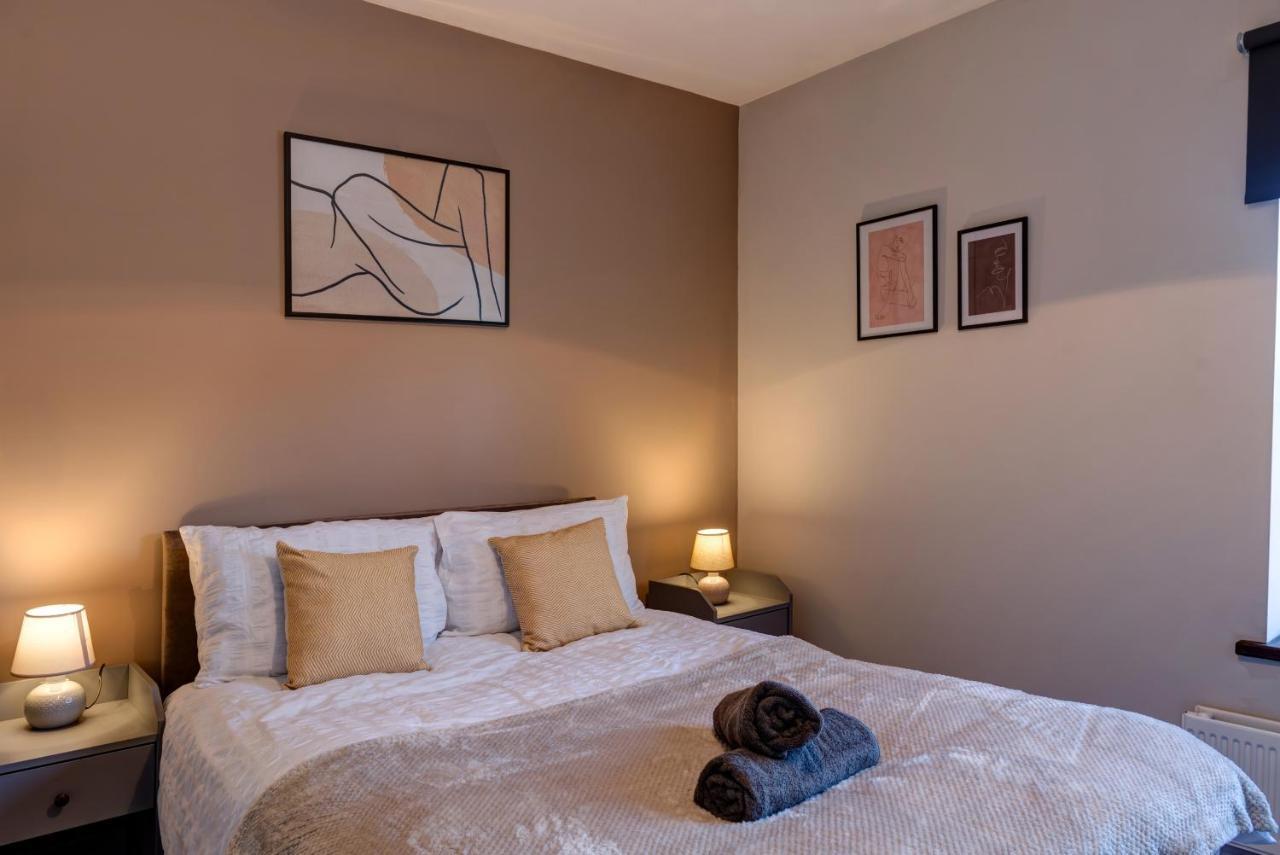 Cosy 2 Bed Home Chesterfield Luaran gambar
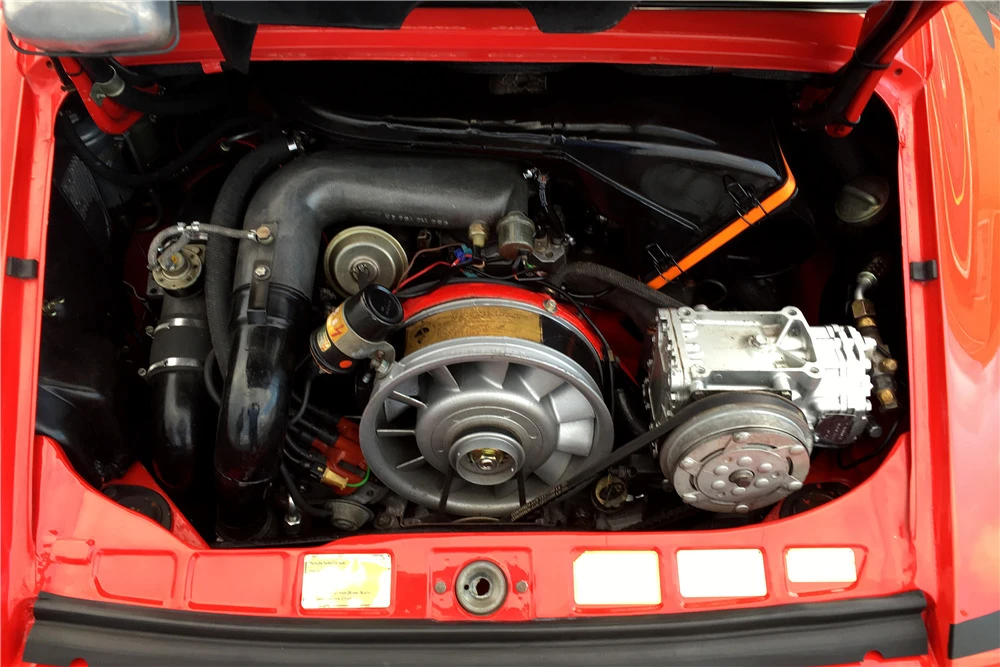 1977 Porsche 930 Turbo - Image 3 of 5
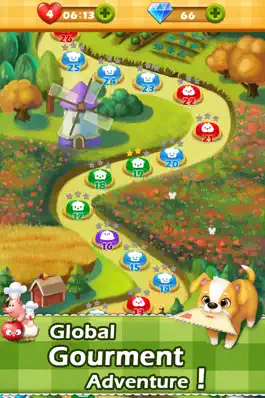 Game screenshot Farm Day:Share Yum With Friend mod apk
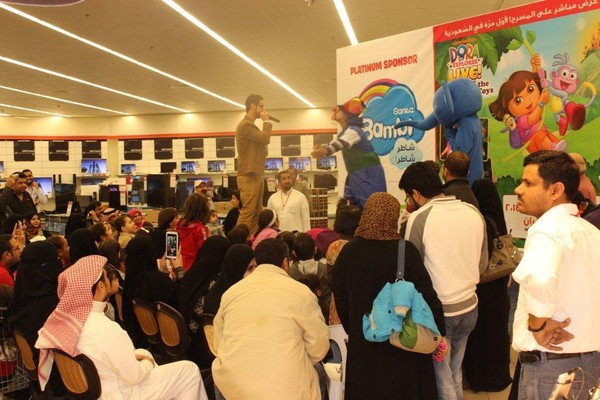 Sanita Beaufort Participates in ‘Clean-Up UAE 2013’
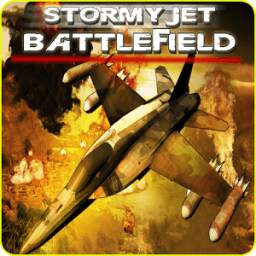 Stormy Jet BattleField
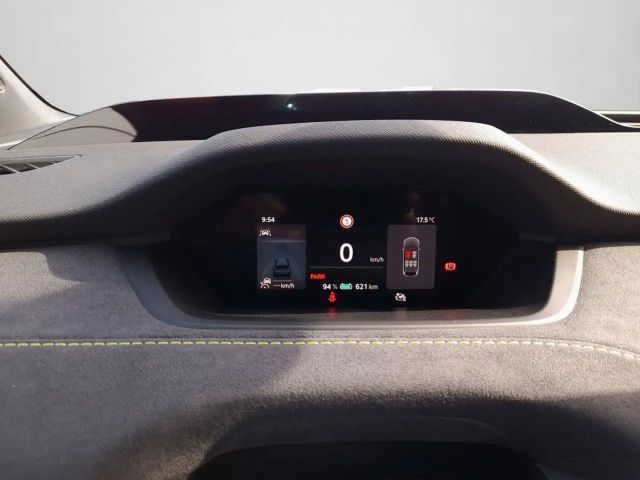 Skoda Elroq RS 84 kWh Batterie, 250 KW, 1-Gang Automat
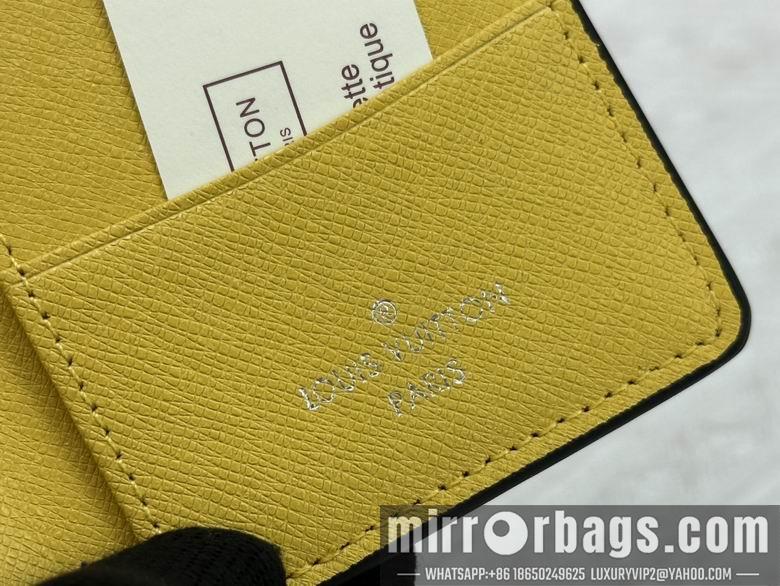 1:1 Louis Vuitton Bags N40614 7.5X11.1X1cm XM 3colour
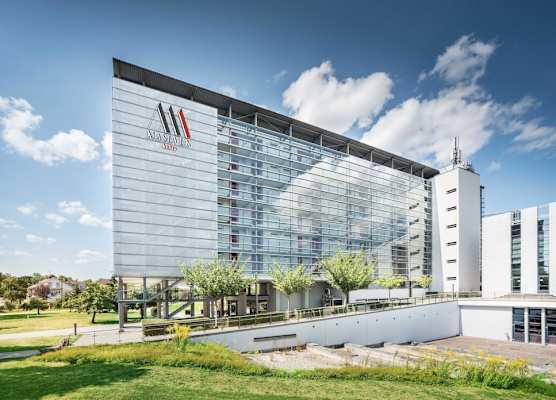 MASEVEN Stuttgart SI Centrum ehem SI-SUITES 1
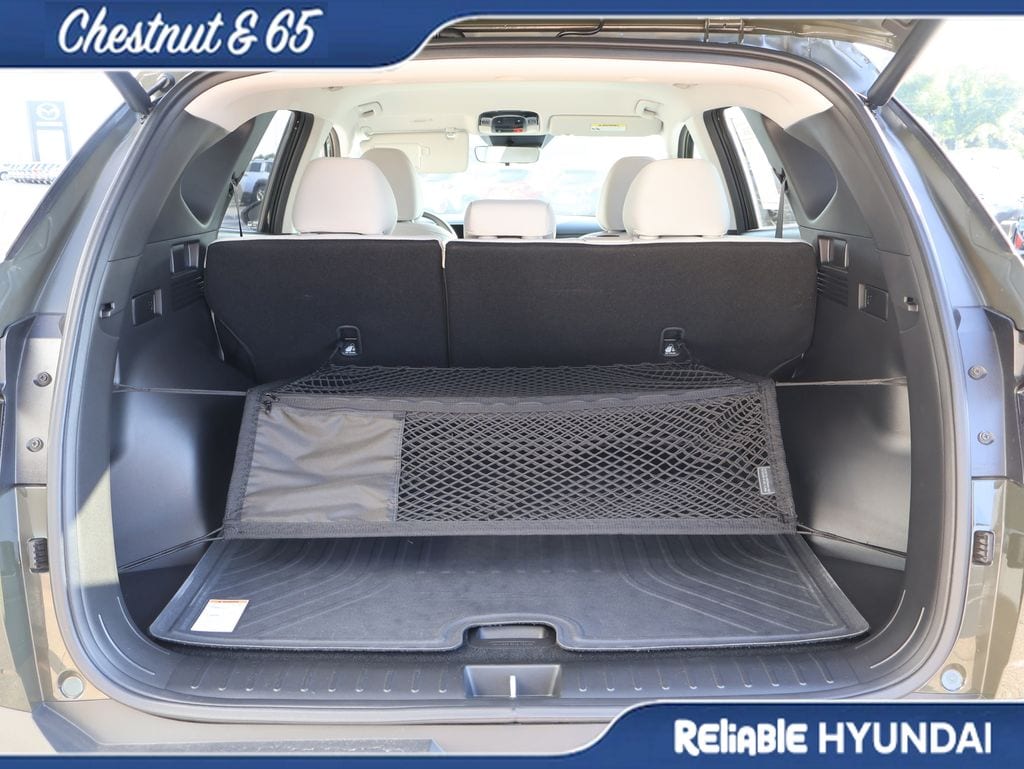 2025 Hyundai Tucson SEL - Photo 14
+===+
Copy the records exactly. Skip the images.

 Cosy 2 Bed Home Chesterfield Luaran gambar
 1977 Porsche 930 Turbo - Image 3 of 5
 Game screenshot Farm Day:Share Yum With Friend mod apk
 Sanita Beaufort Participates in ‘Clean-Up UAE 2013’
 Stormy Jet BattleField
 Skoda Elroq RS 84 kWh Batterie, 250 KW, 1-Gang Automat
 1:1 Louis Vuitton Bags N40614 7.5X11.1X1cm XM 3colour
 MASEVEN Stuttgart SI Centrum ehem SI-SUITES 1
 2025 Hyundai Tucson SEL - Photo 14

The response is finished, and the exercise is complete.